Третий брат Фридрих-Казимир играл видную роль во внешней политике, выполняя важные дипломатические миссии.
Все трое получили графский титул и вместе представляли собой большую силу, с которой должен был считаться даже Бирон. Однако во второй половине царствования значение «фракции Левенвольдов» сошло на нет, поскольку ее глава Карл в 1735 году умер, а Фридрих перешел на службу к австрийцам, и остался один никчемный Рейнгольд.
Всех этих немцев Ключевский купно именует «канальями», «сбродным налетом» и «стаей», которая «кормилась досыта и веселилась до упаду на доимочные деньги, выколачиваемые из народа» (можно подумать, что русские вельможи кормились чем-то другим). Однако в 1730-е годы на первые роли выходит один немец, которого даже этот строгий историк канальей не считает.
Речь идет о Бурхарде-Кристофе Минихе, главном военном деятеле аннинской эпохи. Этот ольденбуржец, по образованию военный инженер, начинал профессиональным наемником: поступал на службу в разные европейские армии и с 1721 года попал в Россию в качестве «иностранного специалиста», то есть без принятия подданства. Несколько лет он зарабатывал себе репутацию, постепенно продвигаясь по карьерной лестнице, и достиг должности командующего артиллерией (генерал-фельдцейхмейстера). Однако настоящий взлет Миниха случился при Анне, когда происходила замена высшего руководства армии. Три тогдашних фельдмаршала все были из русских княжеских фамилий (Михаил Голицын, Василий Долгорукий и Иван Трубецкой), а политика императрицы, как известно, состояла в том, чтобы уменьшить власть национальной аристократии. Поэтому в 1732 году Миних, еще до всех его батальных подвигов, был произведен в этот высший чин и стал главой российской армии – президентом Военной коллегии.
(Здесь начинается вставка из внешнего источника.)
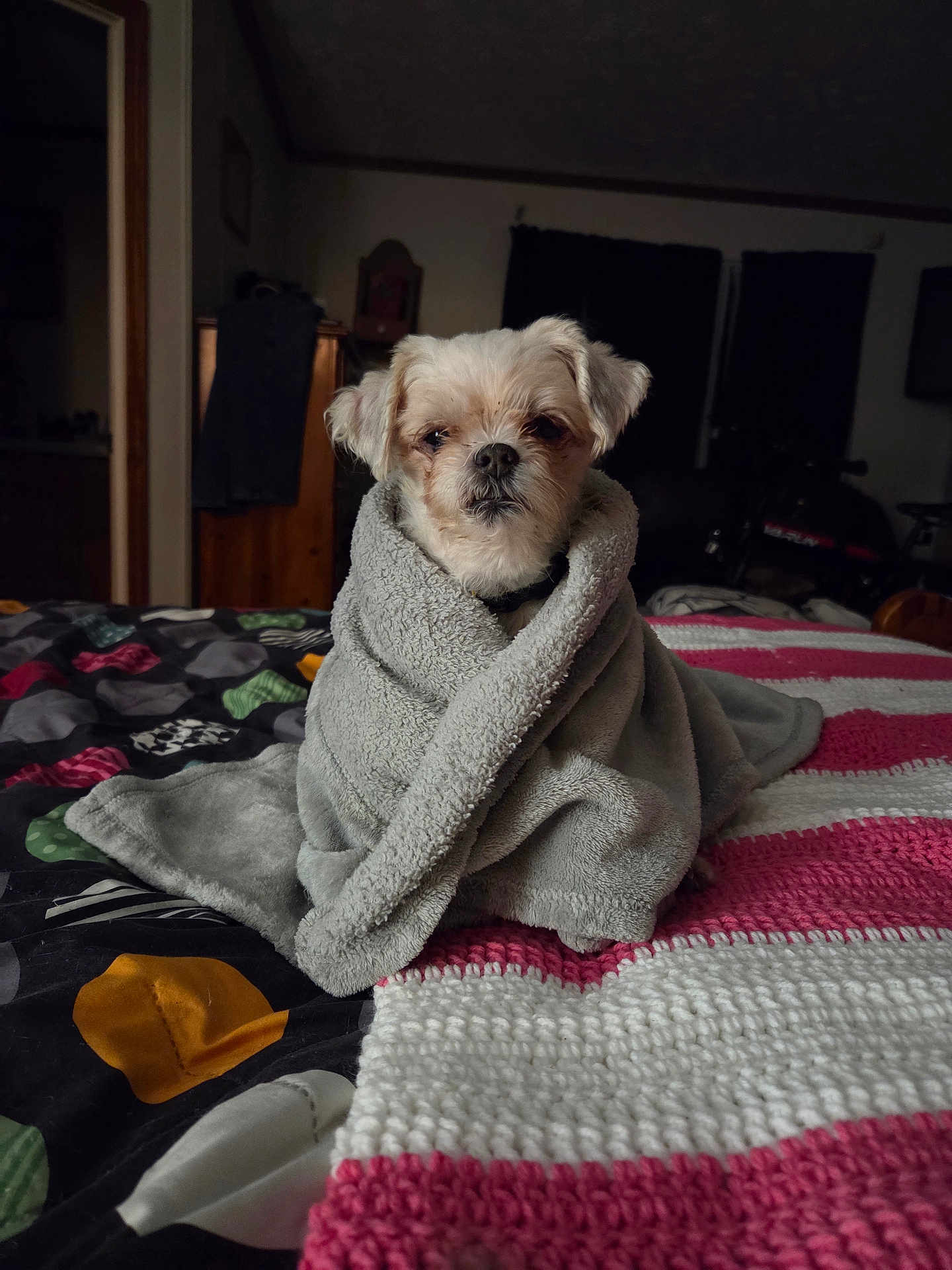 Lola Belle is registered to the contest to win money with this photo: dog, blanket, bed, indoor, pet, small_dog, cozy, fur, animal, portrait, resting, cute, wrapped, bedspread, home, comfort, relaxed, fur_color, canine, sleepy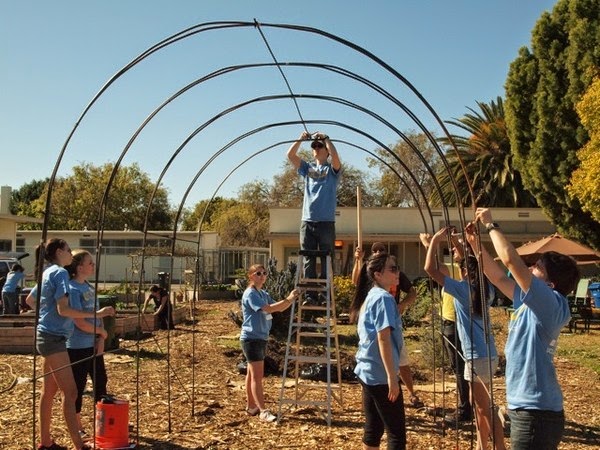 Adventures on Zephyr Hill Farm: DIY Rebar Grape Arbor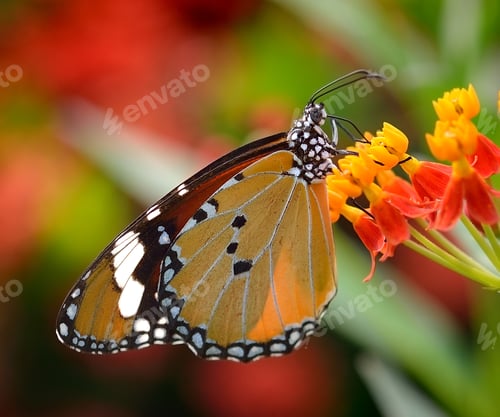 Preview: Butterfly on orange flower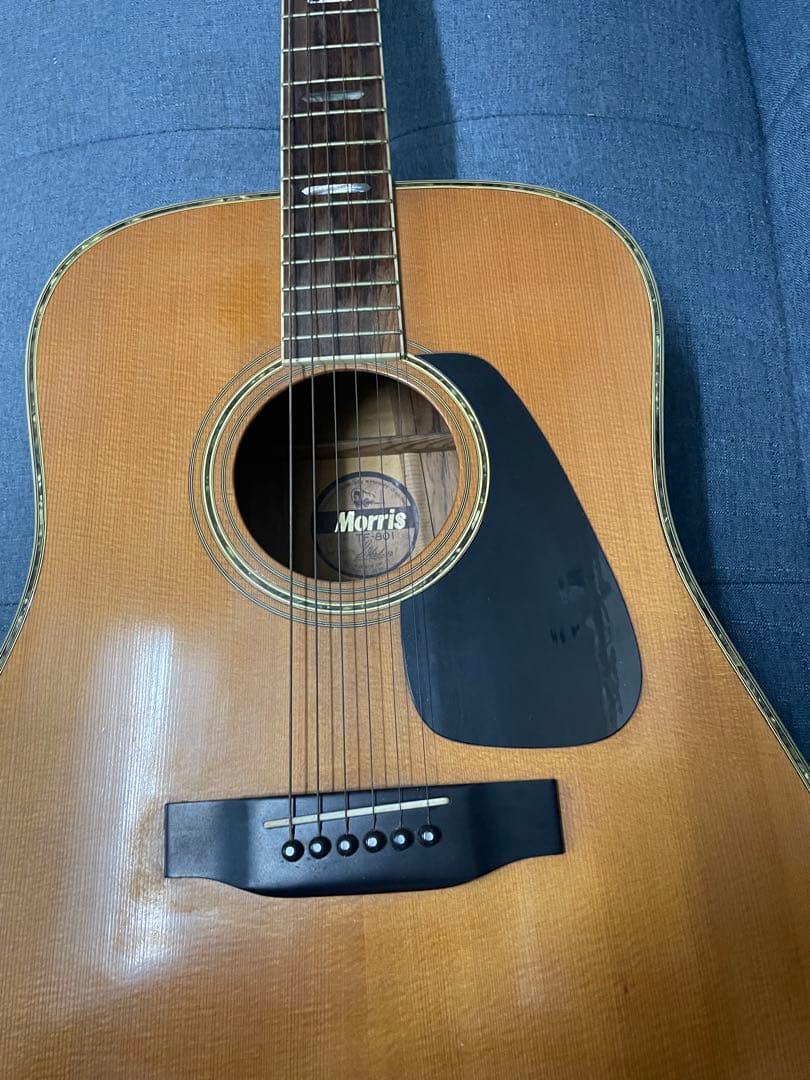 ❷Morris TF-801 アコースティックギター モーリス　楽器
Это был человек большой храбрости, кипучей энергии и великой решительности. Его адъютант Манштейн, хорошо изучивший шефа, пишет про него: «Гордость была главным его пороком, честолюбие его не имело пределов, и чтобы удовлетворять его, он жертвовал всем… Он не знал, что такое невозможность; так как всё, что он ни предпринимал самого трудного, ему удавалось, то никакое препятствие не могло устрашить его». О невероятном самомнении фельдмаршала можно судить по тому, как он оценивал себя сам. «Русский народ дал мне два прозвища: «Столп Российской Империи» и «Сокол», у которого глаз зорок и всюду поспевает», – скромно пишет о себе Миних, а рассказывая о смерти Анны Иоанновны, утверждает, что последними в ее жизни словами были: «Прости, фельдмаршал!» (хотя множество свидетелей приводят совсем другое высказывание, гораздо более интересное, о чем в свое время).